Questions From the Audience

I found both of Mieke Bal's articles Telling, Showing, Showing Off and "Tradition" from her book Traveling Concepts in the Humanities: A Rough Guide incredibly interesting. It is not often the museum is examined in and of itself, nor the catharsis that results from the embrace of tradition in cultures drowning in history.

Telling, Showing, Showing Off:

In this article, Bal discusses the 'metamuseum', this concept that not only are museums preserves for whatever topic upon which they focus, but also act to preserve the museum itself; museums also exist to preserve themselves. She goes on to discuss not only the construction of the museum, but the motivation for the creation of the museum: the difference between 19th century colonialism and the 20th century focus on education. In this she notes that Donna Haraway has already criticized the way in which museums have obtained their relics and notes that she, too, will be discussing Akeley Hall of the elusive Second Floor of the American Museum of Natural History (AMNH). The following struck me, for some reason: "There is a tension here, perhaps a paradox, inherent in the museum as a whole, between common and strange." (Bal, 562) Bal goes on to say, "[This discourse] claims the truth to which the viewer is asked to submit, endorsing the willing suspension of disbelief that rules the power of fiction.[. . .] this is the equivalent of the 'once upon a time' formula, the discourse of realism setting the terms of the contract between viewer or reader and museum or storyteller." (Bal, 563,564) I was further intrigued by the way in which she addressed how the museum deals with the "transition from this cultured "nature" to culture as nature - from mammals to peoples" (Bal, 564) She exemplifies this transition in the Queen Maya Exhibit and it is here I went from piqued to enthralled. She comments that the Queen Maya Giving Birth to the Buddha from her Side exhibit, a small black-box exhibit between the Indian rhinoceros and the water buffalo, has a "specific transitional function" (Bal, 566) What does that mean? How can a small statue of Queen Maya, placed between two quadrupeds, serve as the transition between animalia and human?

How does the Queen Maya relic serve as and/or exemplify this difficult transition? How does the accompanying text indicate this role? How does this minor exhibit fulfill its role as diplomat? Is this intended as a conscious or unconscious transition? Is it effective?
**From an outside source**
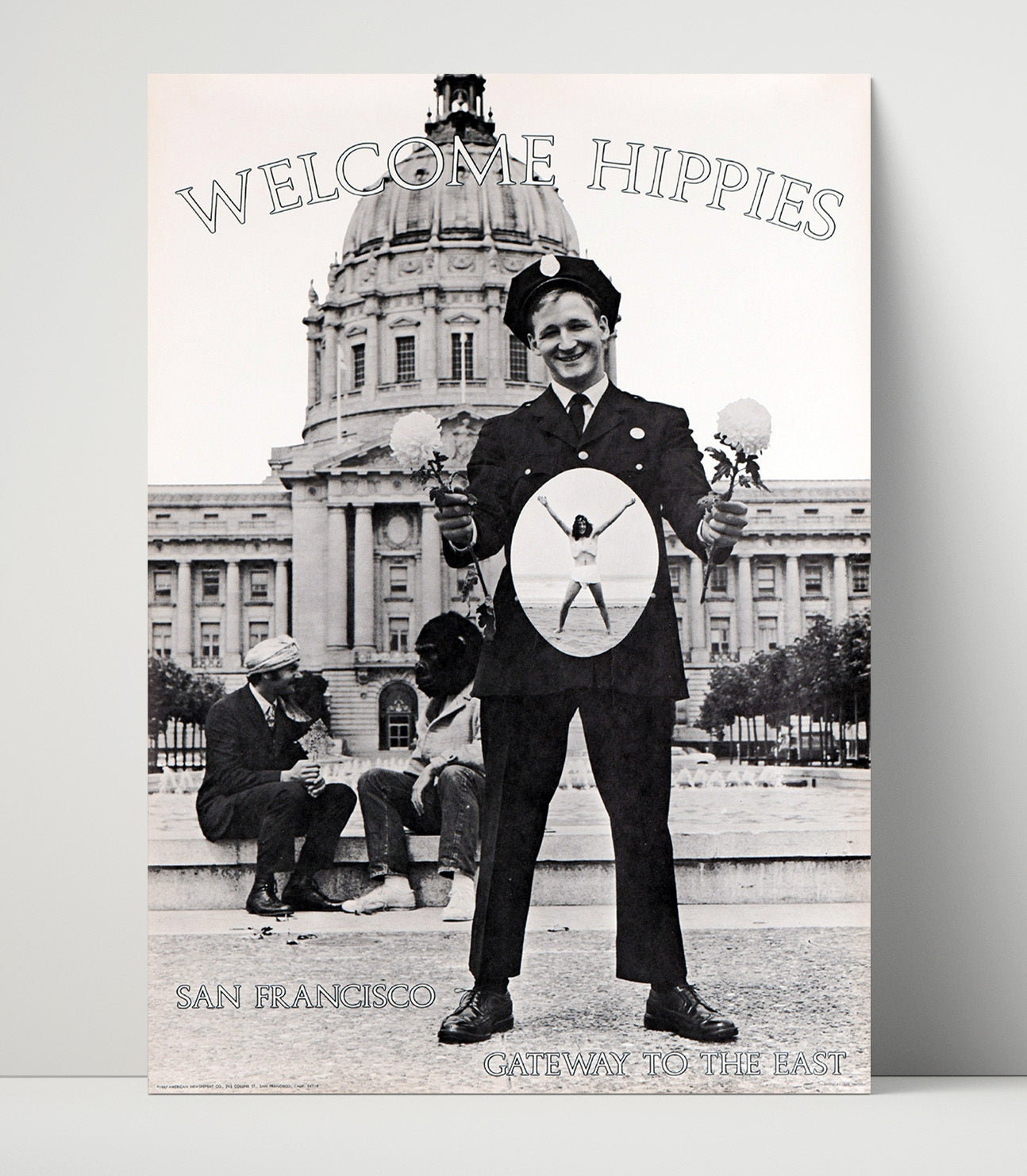 Welcome Hippies Counter Culture Wall Art 16x20 Unframed Print wall art print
"Tradition" from Traveling Concepts in the Humanities: A Rough Guide:

In this chapter, Bal discusses how traditions have shaped society and further, where they have come from and, now that their (sometimes unpleasant) origins have been uncovered, what do we do? Do we allow the traditions to continue uninhibited? Do we try and change them? How do we respond to the newly formed darkness that surrounds some of our most cherished traditions?

Why allow the tradition to continue? After noting the pain and confusion it inflicts, why perpetuate these acts? To what end?